───── Records supplied

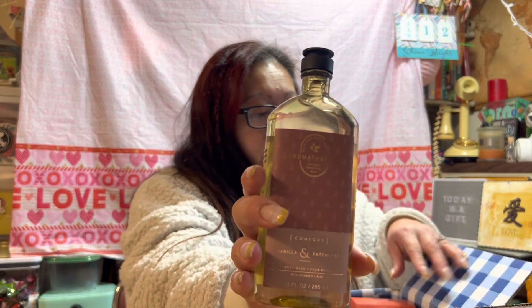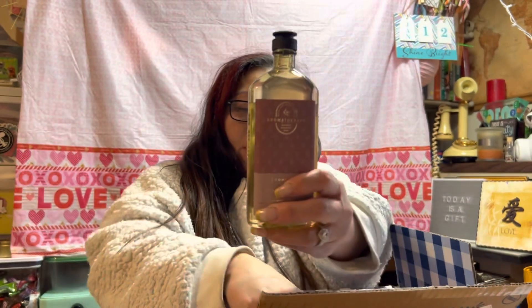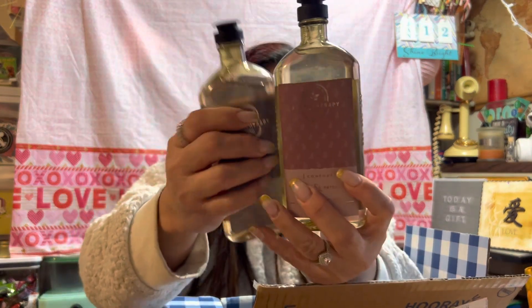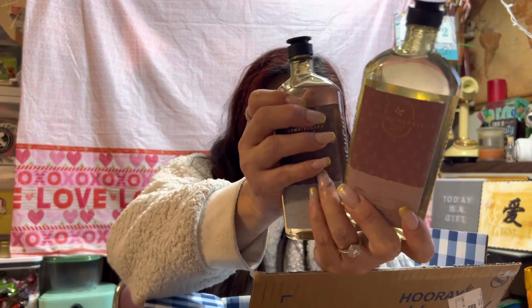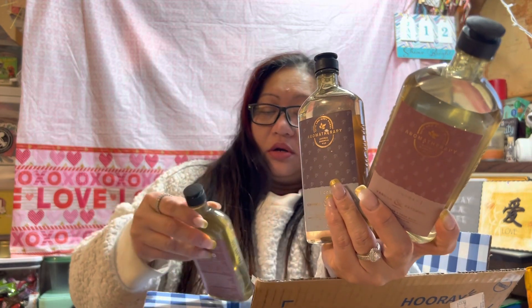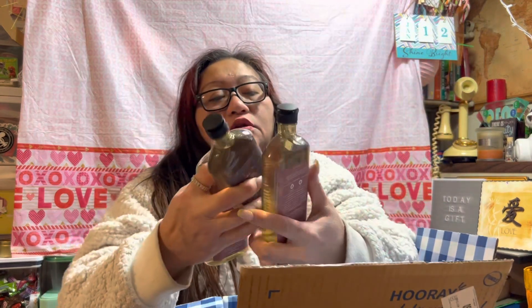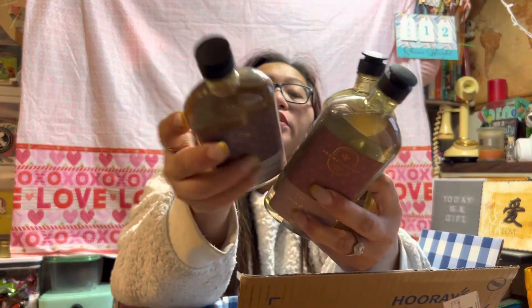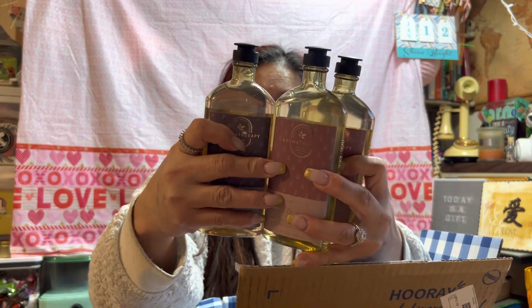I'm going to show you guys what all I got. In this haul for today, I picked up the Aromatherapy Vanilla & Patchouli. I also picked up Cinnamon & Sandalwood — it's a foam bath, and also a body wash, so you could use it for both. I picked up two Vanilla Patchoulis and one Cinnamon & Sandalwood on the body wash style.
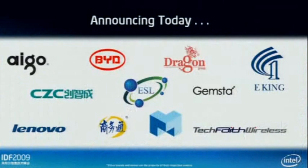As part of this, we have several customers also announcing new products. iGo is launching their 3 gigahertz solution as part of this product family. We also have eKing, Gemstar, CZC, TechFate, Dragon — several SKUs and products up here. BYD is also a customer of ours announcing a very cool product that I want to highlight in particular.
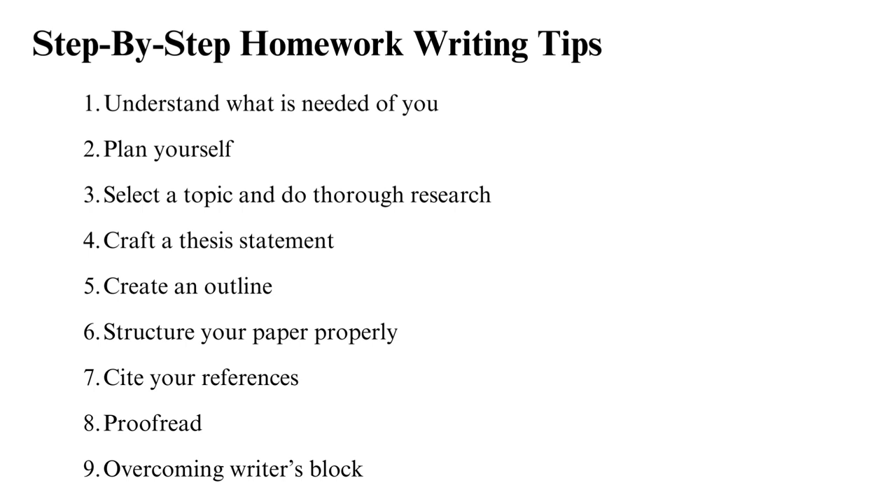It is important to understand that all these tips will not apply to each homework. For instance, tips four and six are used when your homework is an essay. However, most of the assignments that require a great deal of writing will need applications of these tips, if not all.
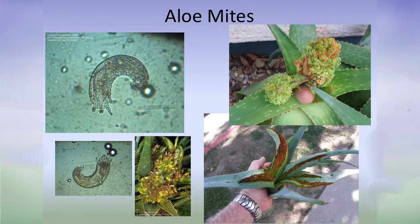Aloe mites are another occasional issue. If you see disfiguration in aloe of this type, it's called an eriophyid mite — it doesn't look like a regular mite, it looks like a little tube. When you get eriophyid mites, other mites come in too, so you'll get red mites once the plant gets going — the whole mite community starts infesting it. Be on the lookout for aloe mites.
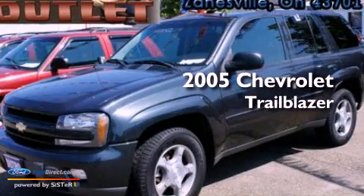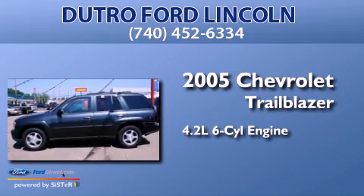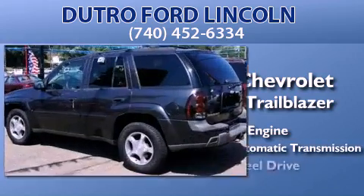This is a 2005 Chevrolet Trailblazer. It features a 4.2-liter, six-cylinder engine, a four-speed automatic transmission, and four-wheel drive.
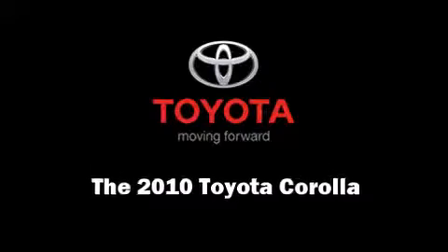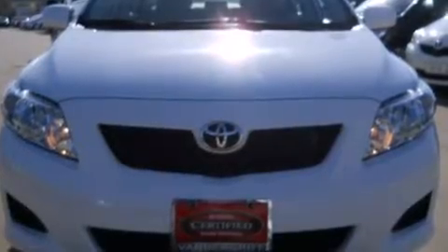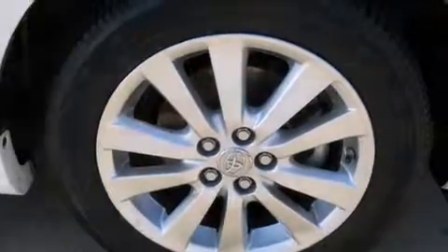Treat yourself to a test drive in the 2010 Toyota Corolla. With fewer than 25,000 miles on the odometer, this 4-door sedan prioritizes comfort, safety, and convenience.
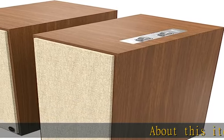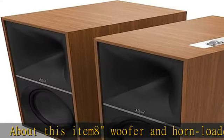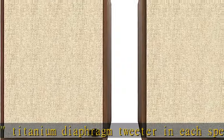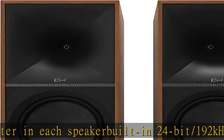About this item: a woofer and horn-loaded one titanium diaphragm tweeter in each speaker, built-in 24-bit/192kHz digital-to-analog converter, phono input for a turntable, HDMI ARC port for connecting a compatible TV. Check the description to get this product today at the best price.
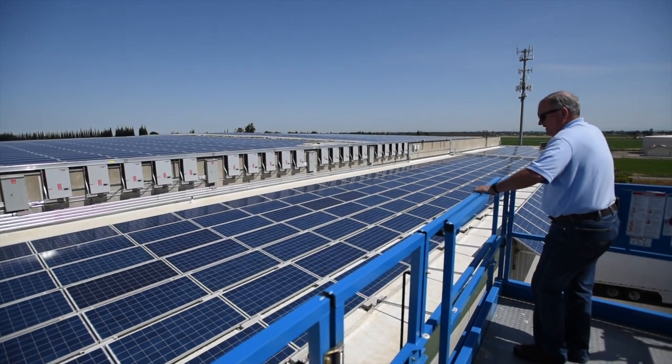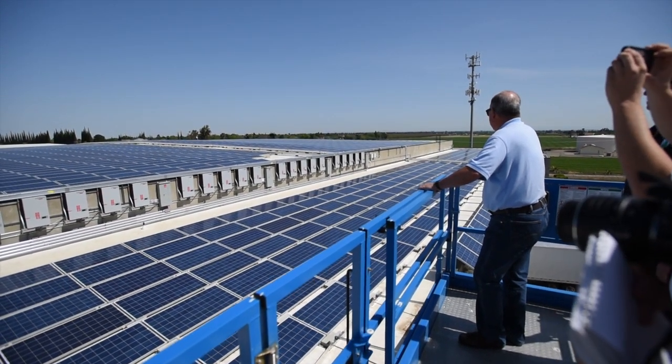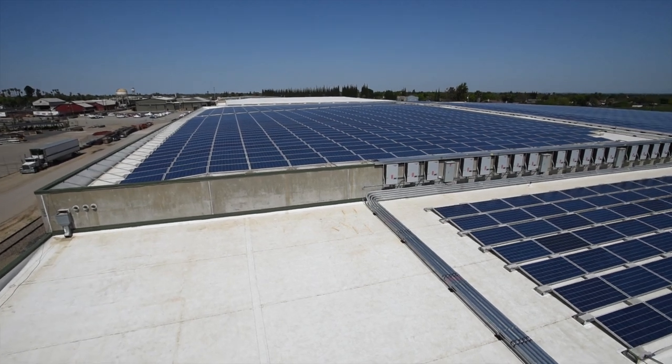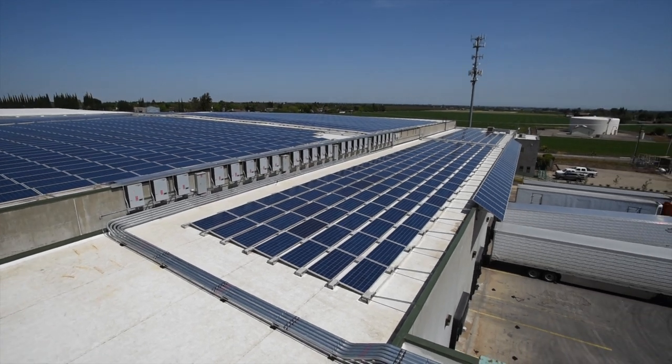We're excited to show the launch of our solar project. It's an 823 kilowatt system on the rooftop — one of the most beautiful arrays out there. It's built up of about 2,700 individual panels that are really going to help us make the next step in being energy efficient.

──────────

● **What to produce**:
If a record contains a picture, leave the picture out and return everything else exactly.

● **Reply**:
I'm going to show you guys what all I got. In this haul for today, I picked up the Aromatherapy Vanilla & Patchouli. I also picked up Cinnamon & Sandalwood — it's a foam bath, and also a body wash, so you could use it for both. I picked up two Vanilla Patchoulis and one Cinnamon & Sandalwood on the body wash style.
As part of this, we have several customers also announcing new products. iGo is launching their 3 gigahertz solution as part of this product family. We also have eKing, Gemstar, CZC, TechFate, Dragon — several SKUs and products up here. BYD is also a customer of ours announcing a very cool product that I want to highlight in particular.
It is important to understand that all these tips will not apply to each homework. For instance, tips four and six are used when your homework is an essay. However, most of the assignments that require a great deal of writing will need applications of these tips, if not all.
Aloe mites are another occasional issue. If you see disfiguration in aloe of this type, it's called an eriophyid mite — it doesn't look like a regular mite, it looks like a little tube. When you get eriophyid mites, other mites come in too, so you'll get red mites once the plant gets going — the whole mite community starts infesting it. Be on the lookout for aloe mites.
This is a 2005 Chevrolet Trailblazer. It features a 4.2-liter, six-cylinder engine, a four-speed automatic transmission, and four-wheel drive.
Treat yourself to a test drive in the 2010 Toyota Corolla. With fewer than 25,000 miles on the odometer, this 4-door sedan prioritizes comfort, safety, and convenience.
About this item: a woofer and horn-loaded one titanium diaphragm tweeter in each speaker, built-in 24-bit/192kHz digital-to-analog converter, phono input for a turntable, HDMI ARC port for connecting a compatible TV. Check the description to get this product today at the best price.
We're excited to show the launch of our solar project. It's an 823 kilowatt system on the rooftop — one of the most beautiful arrays out there. It's built up of about 2,700 individual panels that are really going to help us make the next step in being energy efficient.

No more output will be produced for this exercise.